During the 1930s, Cornwall gained another trio of Woolworths stores: in Bodmin (#569; now Iceland), Liskeard (#623; now Superdrug) and Penzance (#651), the last of which I was able to visit. The store, at 106-108 Market Jew Street, is a curious pedimented twist on the usual Woolies look, though its transformation into Poundland – one of the most prolific occupants of ex-Woolworths premises – is less of a surprise. One half of a fourth Cornish Woolies from the late 1930s – in Newquay (#730) – also now hosts a Poundland store, with the remaining portion occupied by the fashion retailer Peacocks.

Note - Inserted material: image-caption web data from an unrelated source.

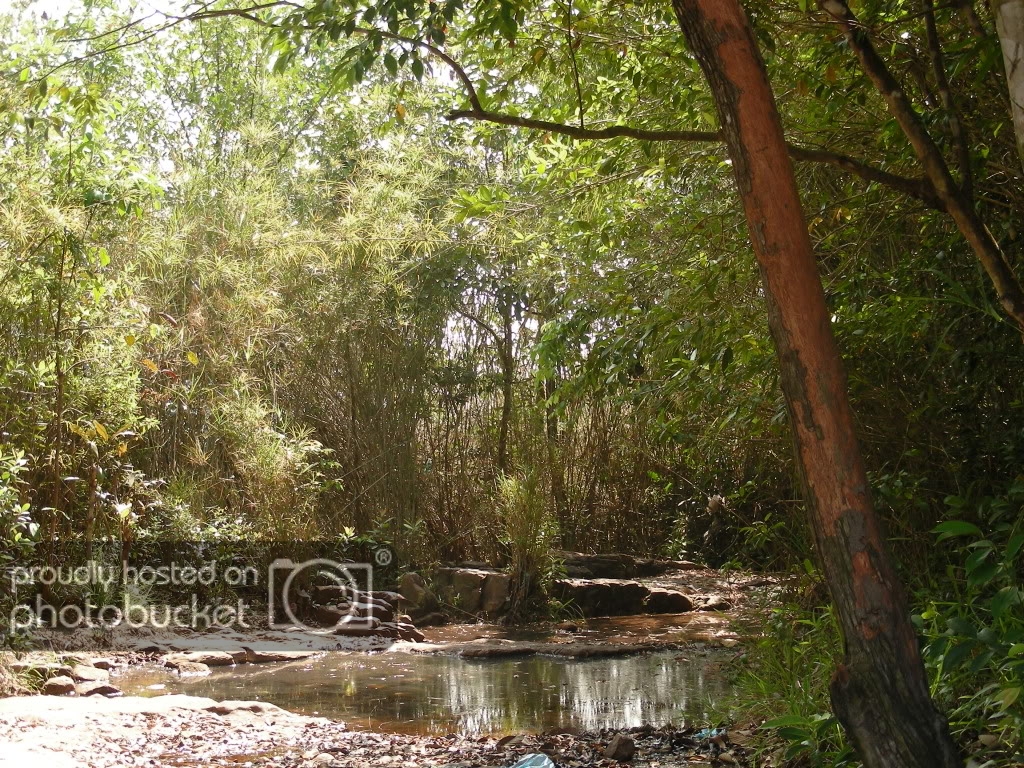DSCN3294-1.jpg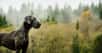 Le plus grand chien du monde est un dogue allemand — ou grand danois, ici en illustration — qui mesure presque un mètre au garrot. © everydoghasastory, Adobe Stock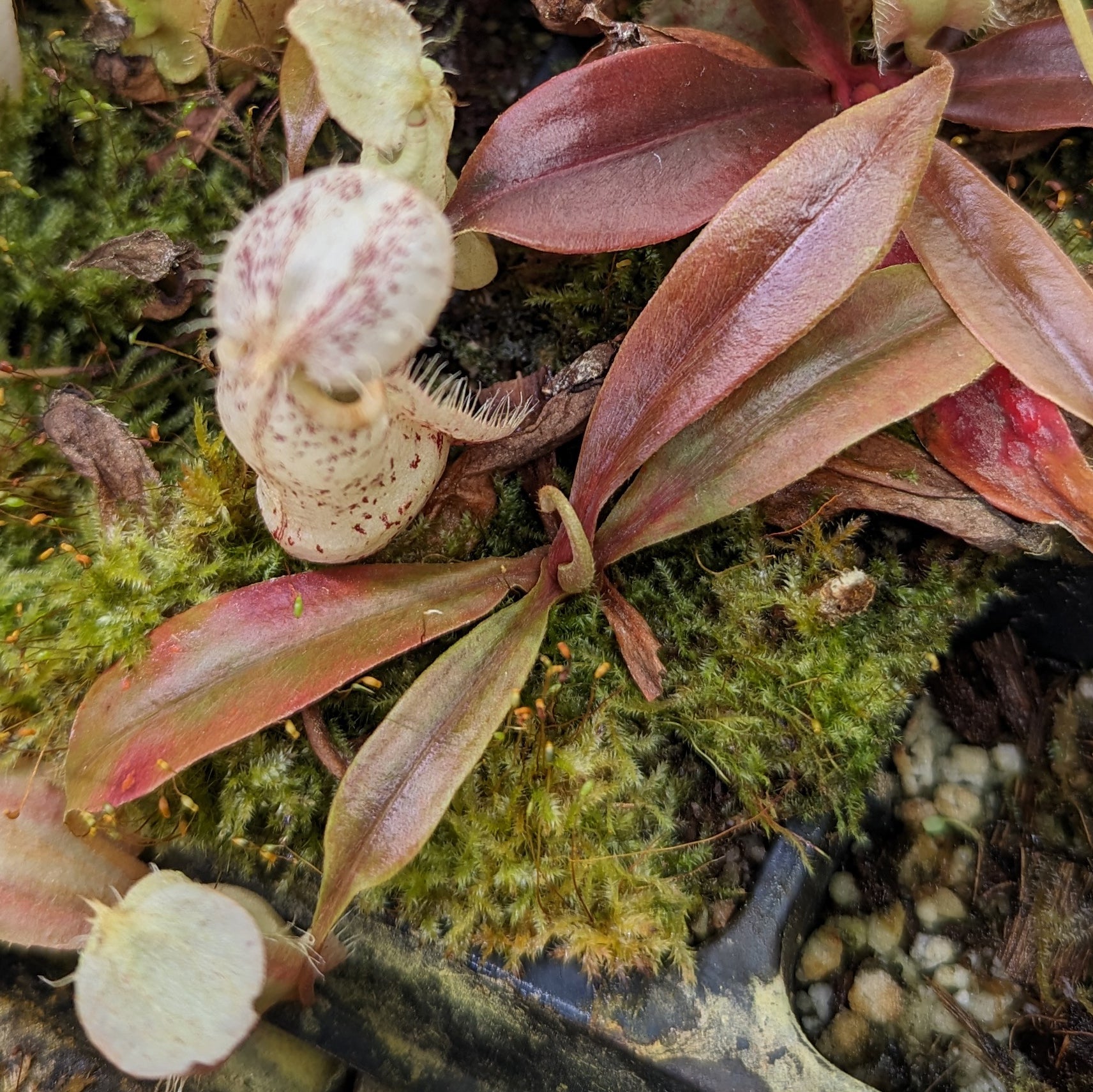 チョウチャン 虹パラ Nepenthes rafflesiana Leilani x {'Song of Melancholy' x [(lowii x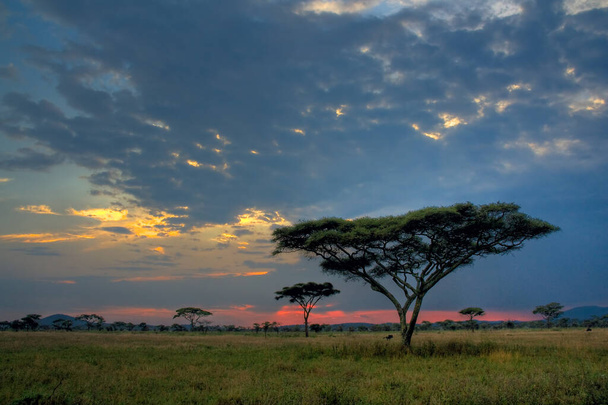 Африканский ландшафт, усеянный местными деревьями акация шипов зонтика, заповедник Нгоронгоро. - Фото, изображение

The onset of the Second World War – and the resulting ten-year hiatus in Woolworths store openings – meant that no more Cornish stores opened until the 1950s, with the aforementioned Launceston and Redruth quickly followed by Truro (#836).
Here, again, Poundland has taken advantage of the opportunity presented by Woolworths’ demise. It initially took over the whole of the large ex-Woolworths site on a short-term lease, with the intention of taking a smaller unit on a more permanent basis once the property was divided up. Its store now occupies the building’s prime frontage at 13-15 Princes Street (which clearly predates Woolworths’ arrival), while the Lemon Quay side has been taken over by Cotswold Outdoor.
In St Ives (#863), another expanding outdoor retailer – Mountain Warehouse – has taken over part of the space vacated by Woolworths at 35-37 Fore Street.
The five-storey property is quite unusual for an ex-Woolworths in that it’s built into a steep hillside with access on two sides; this has allowed it to be divided in half horizontally following Woolies’ closure, but with both the upper and lower units retaining street-level access. While Mountain Warehouse on the second and third floors fronts the busy shopping thoroughfare of Fore Street, the two-storey harbourside unit below houses Pizza Express (still under construction when I visited, but now completed).
Reduth’s Big W aside, the final Woolworths to open in Cornwall was the store in the attractive town of Helston (#920), in 1956. Located at 31-33 Coinagehall Street, the property was only empty for a few months before being taken over by The Original Factory Shop in July 2009.
So, of the ten Cornish Woolworths stores that closed following Woolworths’ collapse, only the one in Falmouth remains vacant – but with a ground-floor sales area of 6,864 sq ft, the store isn’t so huge that it should be putting off potential occupants.
With many of the takers of Woolies stores elsewhere in the county not yet represented in Falmouth, local traders and shoppers will surely be hoping that Poundland, Poundstretcher or The Original Factory Shop steps in to the breach before long.